Like many of us, I have a love/hate relationship with email. Email was one of the earliest means of communication on the proto-internet, corporate LANs, and the dial-up BBS ecosystem. Email was, and still is, one of the primary means of electronic correspondence. It is used for business communications, commerce, notifications, collaboration, and a pile of useful things.
Many people have an incorrect perception of email. Email is not an instant messaging platform. It can seem like email is instant messaging sometimes when a person can send a message, have it show up on the other side of the world almost immediately, and then have a response in minutes. Because of this, we can fall into a mindset that we need to have our email program active at all times, and as soon as something comes in, we need to look at it and respond to it right now.
Email was designed around the principle that a person sends a message, and the recipient responds to it when they can. Yes, there are flags for high priority and urgent emails, and our email programs have notifications to tell us when new mail arrives, but they really weren’t meant to cause the stress they do for many people today.
It is generally said that for every interruption a person receives, it requires at least 15 minutes for their thought process to re-focus on the interrupted task. It has become common in the workplace (and at home!) to let email be one of those interruptions. It doesn’t need to be, nor was it designed to be. I have adopted a couple of rules to prevent email from being an interruption that keeps me from getting things done.
Rule 1: Email is not an alert platform. It is common for people in technology to configure monitoring and alerting platforms send all the notifications to email.

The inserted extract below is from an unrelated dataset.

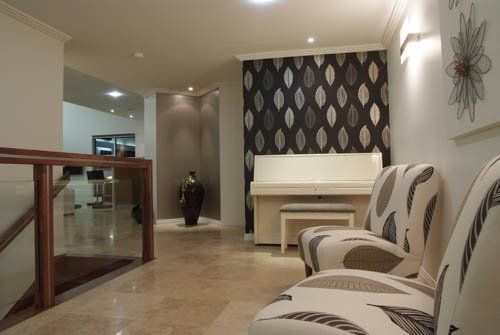 modern room with contemporary decor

I have encountered this at almost every workplace I have been in for the last 15 years and I spend the first several months changing it. There are many good platforms and services to manage alerts. Email is not one of them.
Rule 2: Do not expect a reply for at least 24 hours. How many of us have received a phone call asking if we have received an email yet, and asking if we have any questions about it? I know I have. Work to set expectations in the workplace, or with people you frequently email, that responses will sometimes be quick, and sometimes not. If something is truly urgent, they should use some other method of communication.

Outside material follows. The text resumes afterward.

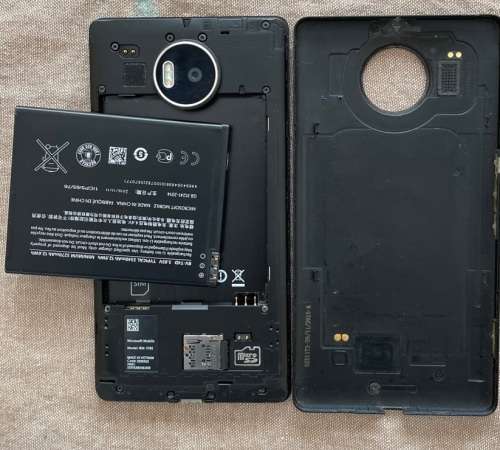 Microsoft Lumia 950 XL 32Gb 3Gb Ram { Includes Battery And Back Cover }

Rule 3: Check email every few hours, not constantly. I admit this one is difficult but it brings me the most peace of mind. When I am working or trying to focus on something like writing, I close my email program (or browser tab) and ignore it until I am done. No notifications, no indicators that 20 new messages are waiting, no interruptions. It took some effort to get over the FOMO (Fear Of Missing Out) when I started doing this, but that has gotten easier over time. I find that when I do open up my email again, I can focus on it and not worry about what I could or should be doing instead.
Hopefully, these three rules can help you as much as they have helped me. In the upcoming days, I’ll have more things that have helped me handle my email.